### SUPPLIED MATERIAL
★ ★ ★ ★ ★

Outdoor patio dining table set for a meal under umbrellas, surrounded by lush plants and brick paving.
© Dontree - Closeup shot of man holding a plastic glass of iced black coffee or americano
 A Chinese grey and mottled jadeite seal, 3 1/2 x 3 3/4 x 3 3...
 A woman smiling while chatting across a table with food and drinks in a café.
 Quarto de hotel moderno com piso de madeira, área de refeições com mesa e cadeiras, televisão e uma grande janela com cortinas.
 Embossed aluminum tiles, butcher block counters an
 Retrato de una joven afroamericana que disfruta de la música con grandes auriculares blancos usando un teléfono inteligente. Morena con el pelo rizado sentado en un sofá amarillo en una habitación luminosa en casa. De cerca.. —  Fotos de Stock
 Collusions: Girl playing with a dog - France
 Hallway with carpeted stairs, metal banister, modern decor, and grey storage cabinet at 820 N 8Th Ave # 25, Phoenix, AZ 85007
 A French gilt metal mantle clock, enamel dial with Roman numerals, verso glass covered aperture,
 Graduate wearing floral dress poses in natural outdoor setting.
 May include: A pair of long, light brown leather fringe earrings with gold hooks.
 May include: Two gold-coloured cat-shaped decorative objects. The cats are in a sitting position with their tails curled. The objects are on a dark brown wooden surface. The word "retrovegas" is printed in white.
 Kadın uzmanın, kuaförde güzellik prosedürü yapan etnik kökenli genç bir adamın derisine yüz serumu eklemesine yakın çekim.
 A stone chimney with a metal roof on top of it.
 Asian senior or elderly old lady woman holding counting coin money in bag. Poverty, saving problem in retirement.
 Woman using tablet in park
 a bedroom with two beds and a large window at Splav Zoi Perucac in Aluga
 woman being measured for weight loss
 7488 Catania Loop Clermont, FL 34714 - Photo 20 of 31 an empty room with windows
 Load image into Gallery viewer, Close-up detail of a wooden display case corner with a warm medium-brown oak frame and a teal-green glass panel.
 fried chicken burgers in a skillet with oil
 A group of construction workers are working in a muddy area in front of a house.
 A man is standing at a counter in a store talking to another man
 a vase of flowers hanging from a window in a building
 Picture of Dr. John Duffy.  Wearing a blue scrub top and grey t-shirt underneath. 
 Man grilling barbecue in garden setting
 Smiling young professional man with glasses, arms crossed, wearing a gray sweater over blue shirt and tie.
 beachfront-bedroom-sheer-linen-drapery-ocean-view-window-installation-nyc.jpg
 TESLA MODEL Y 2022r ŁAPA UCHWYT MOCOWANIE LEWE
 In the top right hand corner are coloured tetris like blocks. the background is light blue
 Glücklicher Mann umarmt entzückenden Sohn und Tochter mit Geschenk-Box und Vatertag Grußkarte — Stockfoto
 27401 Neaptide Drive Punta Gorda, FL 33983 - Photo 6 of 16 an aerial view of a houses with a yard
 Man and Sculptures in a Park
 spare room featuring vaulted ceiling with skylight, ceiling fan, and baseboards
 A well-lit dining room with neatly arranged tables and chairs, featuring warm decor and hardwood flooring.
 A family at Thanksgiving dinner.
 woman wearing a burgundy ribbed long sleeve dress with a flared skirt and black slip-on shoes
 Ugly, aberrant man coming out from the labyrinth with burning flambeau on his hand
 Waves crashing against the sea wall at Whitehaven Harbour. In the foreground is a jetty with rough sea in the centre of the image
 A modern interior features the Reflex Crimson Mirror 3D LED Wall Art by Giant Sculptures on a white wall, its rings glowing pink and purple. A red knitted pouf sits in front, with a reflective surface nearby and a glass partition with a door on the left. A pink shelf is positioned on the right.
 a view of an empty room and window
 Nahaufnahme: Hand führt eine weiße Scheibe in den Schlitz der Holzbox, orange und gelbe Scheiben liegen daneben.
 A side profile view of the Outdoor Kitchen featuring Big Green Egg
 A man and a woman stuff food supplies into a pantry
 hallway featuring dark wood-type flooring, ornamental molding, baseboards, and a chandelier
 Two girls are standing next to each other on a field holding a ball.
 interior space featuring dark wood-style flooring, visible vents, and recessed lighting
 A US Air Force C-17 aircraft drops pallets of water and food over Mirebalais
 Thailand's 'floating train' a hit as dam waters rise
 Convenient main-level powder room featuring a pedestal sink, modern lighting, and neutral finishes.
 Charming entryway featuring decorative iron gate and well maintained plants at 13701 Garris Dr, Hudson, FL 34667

★ ★ ★ ★ ★

### GOAL OF THE EXERCISE
All lines from the one containing "A family at Thanksgiving dinner." to the end of the records are to be duplicated exactly, and no other lines are to be given.

### YOUR SOLUTION
 A family at Thanksgiving dinner.
 woman wearing a burgundy ribbed long sleeve dress with a flared skirt and black slip-on shoes
 Ugly, aberrant man coming out from the labyrinth with burning flambeau on his hand
 Waves crashing against the sea wall at Whitehaven Harbour. In the foreground is a jetty with rough sea in the centre of the image
 A modern interior features the Reflex Crimson Mirror 3D LED Wall Art by Giant Sculptures on a white wall, its rings glowing pink and purple. A red knitted pouf sits in front, with a reflective surface nearby and a glass partition with a door on the left. A pink shelf is positioned on the right.
 a view of an empty room and window
 Nahaufnahme: Hand führt eine weiße Scheibe in den Schlitz der Holzbox, orange und gelbe Scheiben liegen daneben.
 A side profile view of the Outdoor Kitchen featuring Big Green Egg
 A man and a woman stuff food supplies into a pantry
 hallway featuring dark wood-type flooring, ornamental molding, baseboards, and a chandelier
 Two girls are standing next to each other on a field holding a ball.
 interior space featuring dark wood-style flooring, visible vents, and recessed lighting
 A US Air Force C-17 aircraft drops pallets of water and food over Mirebalais
 Thailand's 'floating train' a hit as dam waters rise
 Convenient main-level powder room featuring a pedestal sink, modern lighting, and neutral finishes.
 Charming entryway featuring decorative iron gate and well maintained plants at 13701 Garris Dr, Hudson, FL 34667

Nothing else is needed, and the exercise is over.